Model Performance Monitoring

Track the accuracy, precision, recall, and other relevant metrics of your deployed models in real-time. This helps identify performance degradation.

Metrics Collection

When deploying a model to an endpoint, you can enable the collection of inference logs and metrics. These metrics are often sent to Azure Application Insights for detailed analysis.

Metric Description
Inference Latency Time taken to process an inference request.
Inference Throughput Number of inference requests processed per unit of time.
Error Rate Percentage of requests that resulted in an error.
Prediction Distribution Distribution of predicted labels or values.

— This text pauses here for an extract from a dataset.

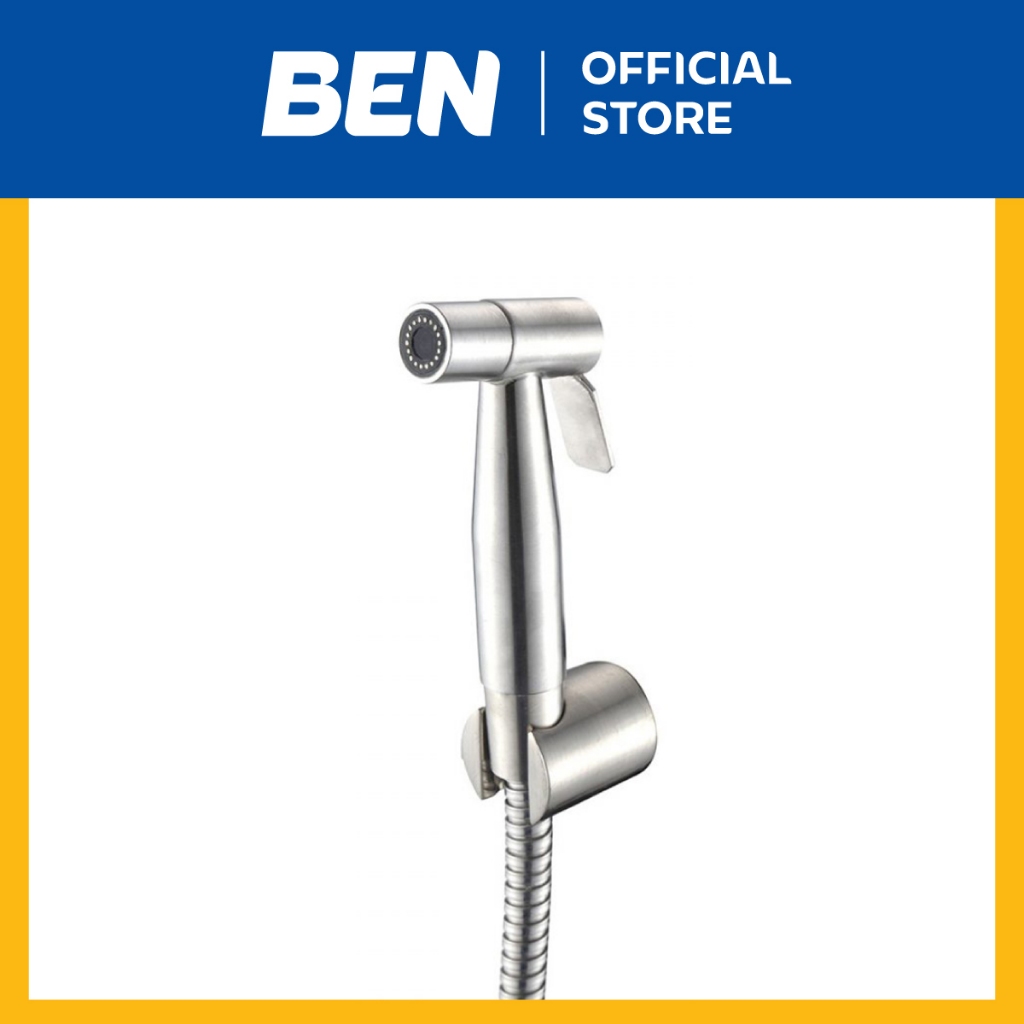 BEN ชุดสายฉีดชำระสแตนเลส หัวฉีดชำระเป็น สแตนเลส 304 มาพร้อมสายเเละขอแขวนครบชุด  BN DK22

Infrastructure and Resource Metrics

Monitor the underlying infrastructure supporting your Azure AI Machine Learning workloads. This includes compute usage, network traffic, and storage utilization.

Azure Monitor Integration

Azure AI Machine Learning integrates with Azure Monitor, allowing you to view and analyze metrics related to your workspace, compute clusters, and endpoints. Key metrics include:

  • CPU and Memory Utilization
  • Network In/Out
  • Disk IOPS
  • Queue Lengths (for batch endpoints)

Logging and Auditing

Understand how to access and interpret logs generated by your Azure AI Machine Learning services. This is essential for debugging and troubleshooting.

Inference Logs

Logs from deployed endpoints capture details about incoming requests, model predictions, and any errors encountered during inference. These can be configured to be sent to Azure Application Insights or Log Analytics.

Audit Logs

Azure Activity Logs provide a record of operations performed on your Azure resources, including Azure AI Machine Learning workspace. This helps track who did what, when, and to which resource.

Alerting and Notifications

Set up alerts to be notified proactively when critical issues or performance thresholds are met. This enables timely intervention.

Tip: Configure alerts for high error rates, significant data drift detection, or exceeding resource utilization limits to ensure your ML solutions remain operational and performant.

Creating Alerts

Alerts can be configured through Azure Monitor based on specific metrics, log queries, or activity log events. You can define rules to trigger notifications via email, SMS, or webhooks.